Tuesday, December 21, 2004

A dip in the pool

Rabbi Yitzchak Abadi, a maverick posek who fields halachic questions on the web through his rabbi sons, has just fleshed out his thinking on whether a swimming pool can be a kosher mikveh. Some excerpts from son Rabbi Aaron Abadi's reply:

The basic idea is that piping does not render a Mikveh not Kosher these days, since our piping is attached to the house and/or ground.

There are however issues that need to be addressed. The water must have come from a river, a resevoir, an ocean, a lake, or anything other than "drawn water." If the first few hundred gallons come from a hose that comes from your home piping, that comes from the local water supply, then the pool is fine. The problem will be if it is initially filled by a tank truck, which in the present days is a common practice in order to fill it with pre-cleaned water and allow you to use the pool immediately, that would be a problem.
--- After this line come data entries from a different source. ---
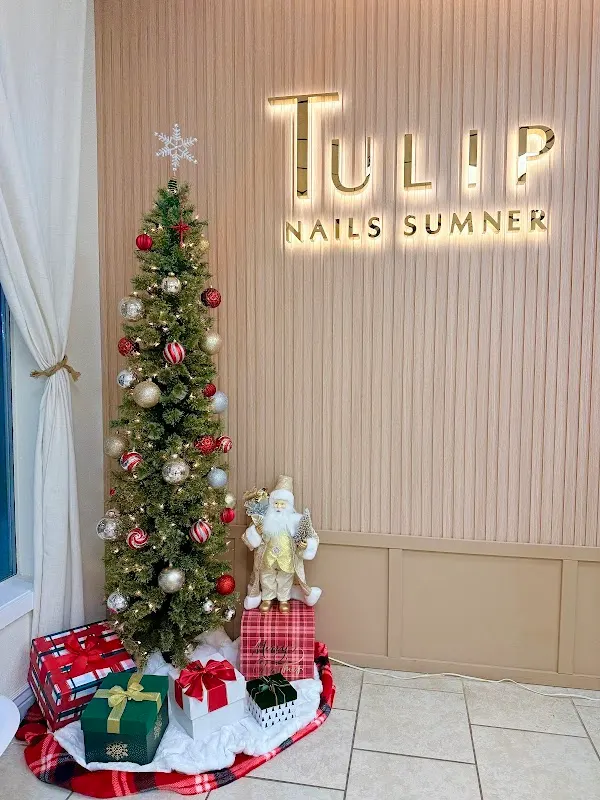 Tulip Nails Sumner — Nail salon in Sumner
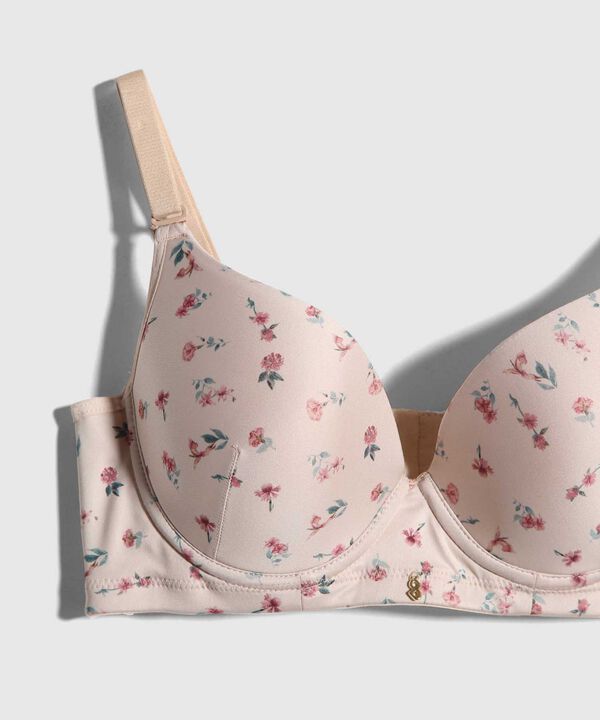 Brasier Estampado Floral image number null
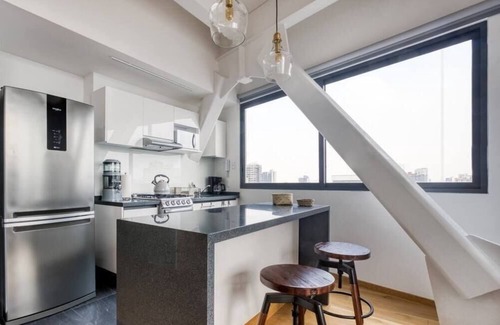 Reforma Apartment | Mr. W | Panoramic City View | 2Br | Gym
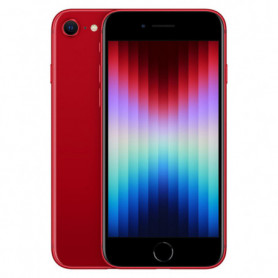 iPhone SE 5G 2022 128Go Rouge - Neuf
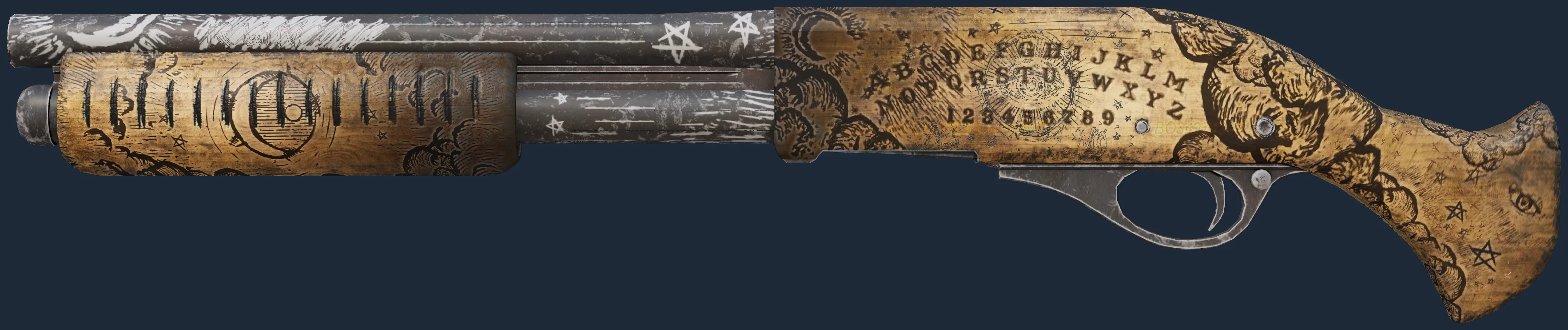 Sawed-Off | Spirit Board Image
The fact that we do not use a regular swimming pool as a Kosher Mikveh for women is an added "chumra" (an extra restriction). It is not based in Jewish Law. The Ra"sh is very clear about it being Kosher (Hilchot Mikvaot #12). The Shulchan Aruch and the Ram"a are clear that it is fine (Yo"D 201:48). Even the Nodeh Beyehuda who is the strictest in this issue would agree that the pool is good in our scenario where the piping is attached to the house and/or the ground, since it is made to be attached that way.
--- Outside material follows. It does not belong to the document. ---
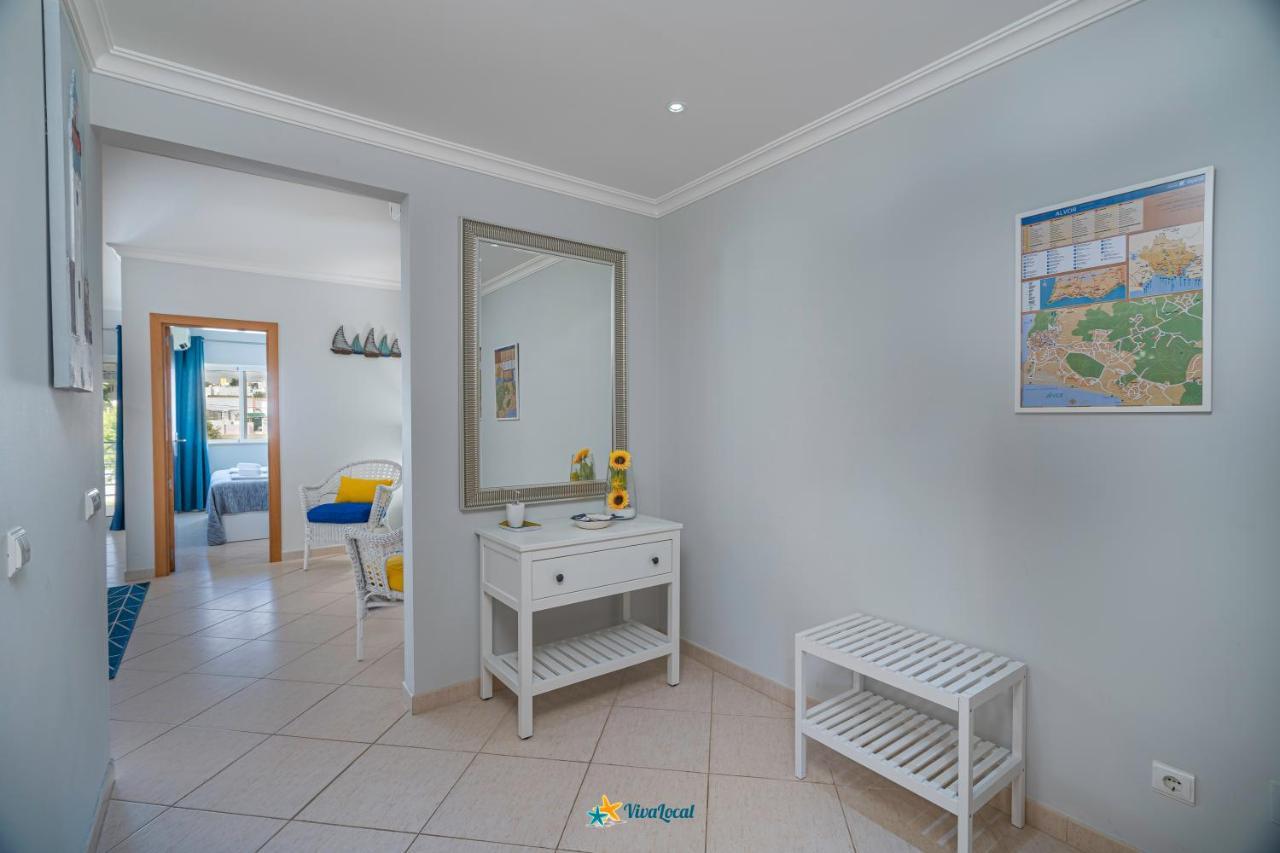 Vila Da Praia - Apartamento Viva Local Alvor Extérieur photo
The process that makes water not Kosher for a Mikveh is if the first waters contain water drawn by a "Keli." This would include a pail or a cup or a tank. It would not include piping that is attached to the ground.

But there are some other issues....

As usual, consult your own rabbi for practical halachic advice. Rabbi Abadi's positions are often controversial, to say the least.

1 comment:

Jake Richter said...

your statement "Rabbi Abadi's positions are often controversial, to say the least." seems unfounded and irrelevant. If Rabbi Abadi is a competent posek, which he is "to say the least" (and I say this from personal experience and on good authority from others), then you more then safely do what he says. And if not then you better ask someone that is. "Controversial" is not a relevant issue in regards to halacha.